**Task statement:**
The whole of the data is to be duplicated precisely.

**Collected data:**
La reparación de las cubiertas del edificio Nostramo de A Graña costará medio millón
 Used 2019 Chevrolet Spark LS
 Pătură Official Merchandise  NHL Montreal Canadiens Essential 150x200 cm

**Task answer:**
La reparación de las cubiertas del edificio Nostramo de A Graña costará medio millón
 Used 2019 Chevrolet Spark LS
 Pătură Official Merchandise  NHL Montreal Canadiens Essential 150x200 cm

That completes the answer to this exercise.